= Suspect classification =

US legal term

In United States constitutional law, a suspect classification is a class or group of persons meeting a series of criteria suggesting they are likely the subject of discrimination. These classes receive closer scrutiny by courts when an equal protection claim alleging unconstitutional discrimination is asserted against a law, regulation, or other government action, or sometimes private action. When a law or government action affects a group that falls under a suspect classification, courts apply the strict scrutiny standard in reviewing the constitutional validity of a law or action.

== Criteria ==

The United States Supreme Court has mentioned a variety of criteria that, in some combination, may qualify a group as a suspect class, but the Court has not declared that any particular set of criteria are either necessary or sufficient to qualify.

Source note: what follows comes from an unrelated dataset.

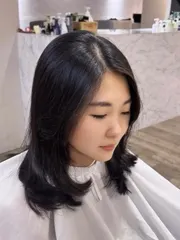 韓系低層次作品，設計師 曾晴🐟，台中北區餘光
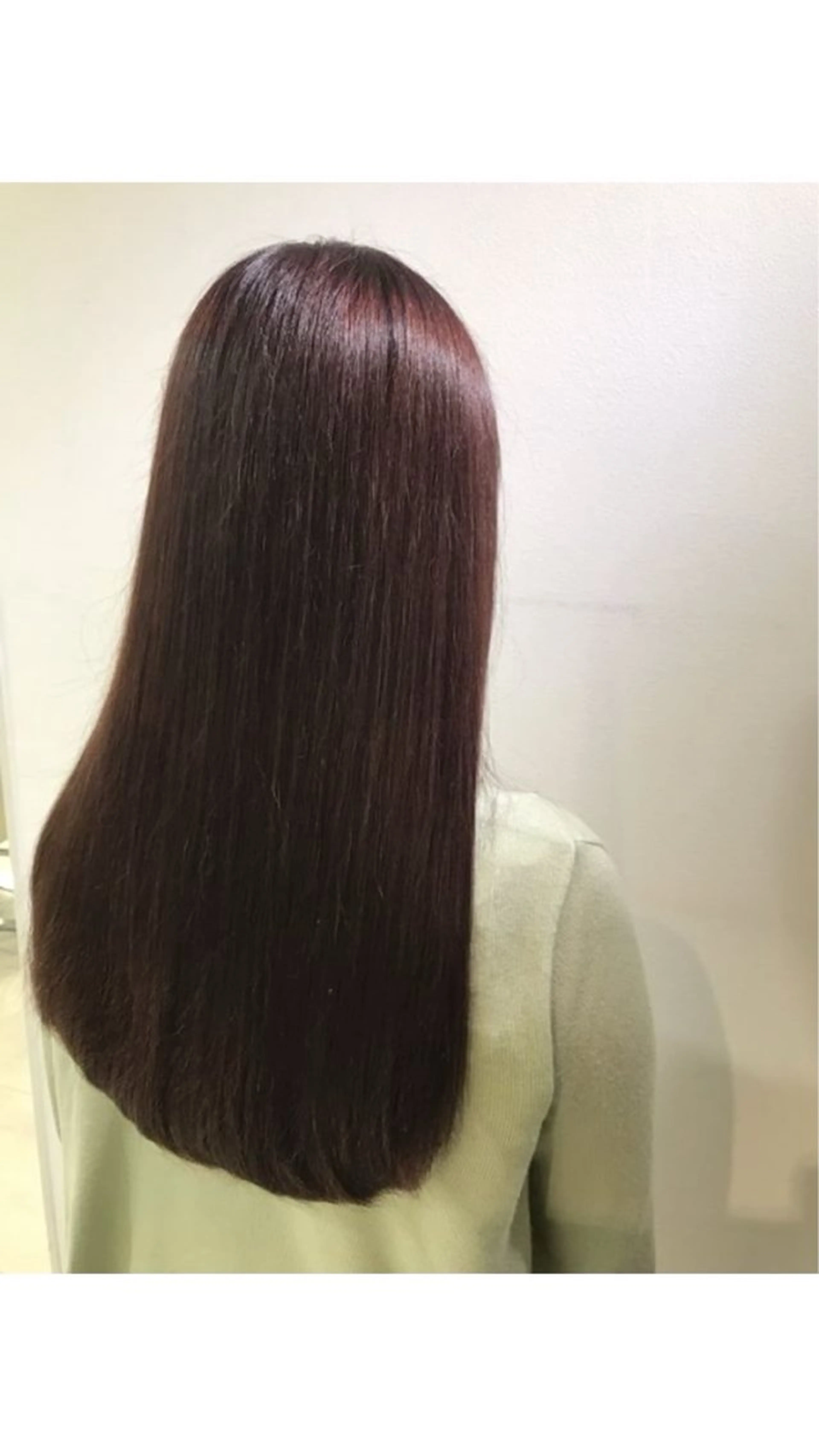 ロング カラー Hair's RooMのヘアスタイル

Some of the criteria that have been cited include:

- The group has historically been discriminated against or have been subject to prejudice, hostility, or stigma, perhaps due, at least in part, to stereotypes.
- They possess an immutable or highly visible trait.
- They are powerless to protect themselves via the political process and is a "discrete" and "insular" minority.
- The group's distinguishing characteristic does not inhibit it from contributing meaningfully to society.

== Classification ==

=== Suspect class ===

The Supreme Court established suspect classifications as judicial precedent with two related decisions after the attack on Pearl Harbor involving executive orders restricting the rights of Japanese American citizens—Hirabayashi v. United States and Korematsu v. United States.

The Supreme Court recognizes race, national origin, and religion as suspect classes; it therefore analyzes any government action that discriminates against these classes under strict scrutiny.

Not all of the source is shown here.